How to decide .describe() have reasonable values?

Do the ranges of the numeric columns seem reasonable? If not, we may have to do some data cleaning as well.

How can I check if something is reasonable or not?
What are the steps to clean the data according to the reasonability?

Hey @prashantbharti19, welcome to the forum.
When you are working with data you should have knowledge about it. If not, you have to look up the internet/ask experts on the same field to gain more knowledge. For example, say there’s a feature highest rain (in cm) and the max value is 100000, but we all know that 100000 cm of rainfall is not possible(on Earth) so this does not seem reasonable, another example would be the StackOverflow survey age feature, Suppose the minimum age in the survey is 1 and the maximum age is 120/130 (seems unreasonable). This might be a typing error, or someone(1 or 2 persons) of age 120-130 has really filled the survey.
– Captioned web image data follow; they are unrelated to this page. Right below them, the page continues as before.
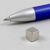 Kubusmagneten, Neodymium, vernikkeld 7 x 7 x 7 mm 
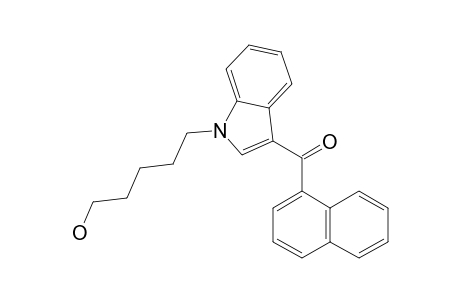 [1-(5-HYDROXYPENTYL)-1H-INDOL-3-YL]-(NAPHTHALENE-1-YL)-METHANONE;AM-2202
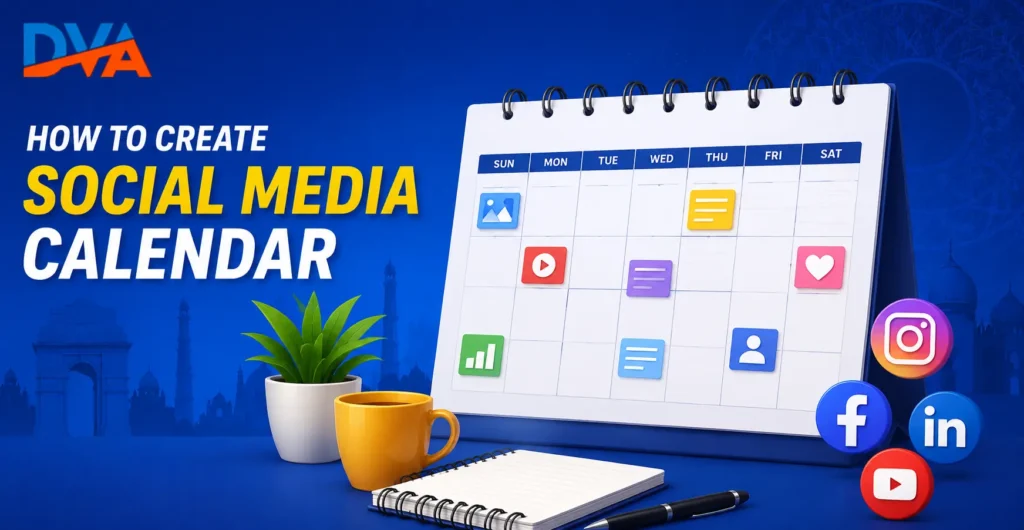 social media content calendar planning guide for beginners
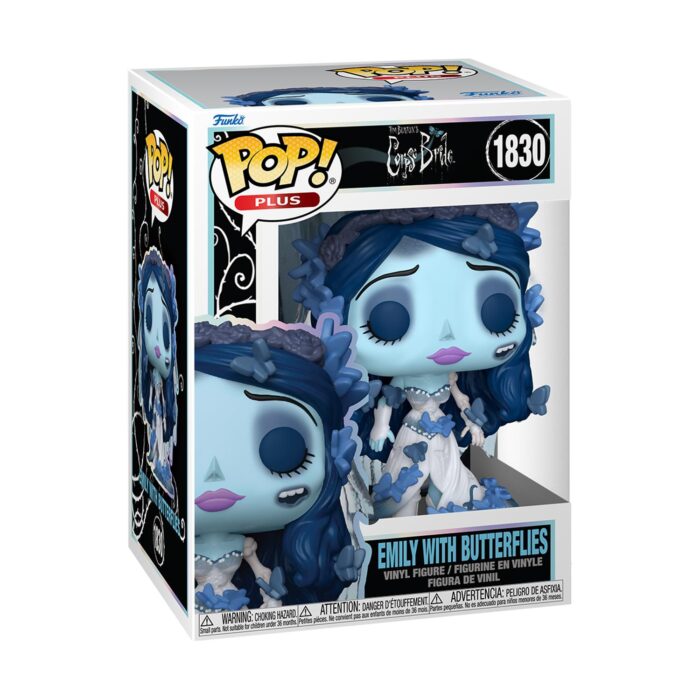 FUNKO POP! Disney Movies: Corpse Bride - Emily with Butterflies #1830 Vinyl Figure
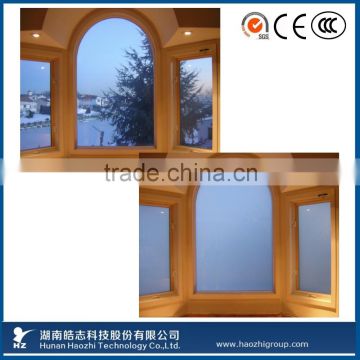 Polymer Dispersed LC Smart Privacy Film Glass for Villa Application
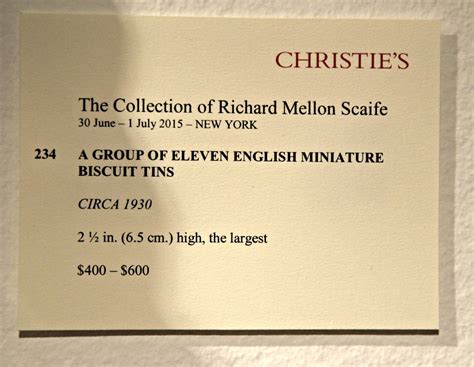 Christies Richard Mellon Scaife And Thomas Jefferson Nyc Style And A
But, in these case we can ignore those two surveys cause we are not sure if the data was added intentionally or mistakenly.

okay got it.
Can you tell me what are the steps do I have to follow while cleaning the data? or you can send me links of the articles.
Thanks in advance

1 Like

Here’s an excellent article by Tableau → https://www.tableau.com/learn/articles/what-is-data-cleaning
There are many great articles out there(Just google it) I will also send any good articles if I find any in the future. Also all of these comes with practice and working with the data.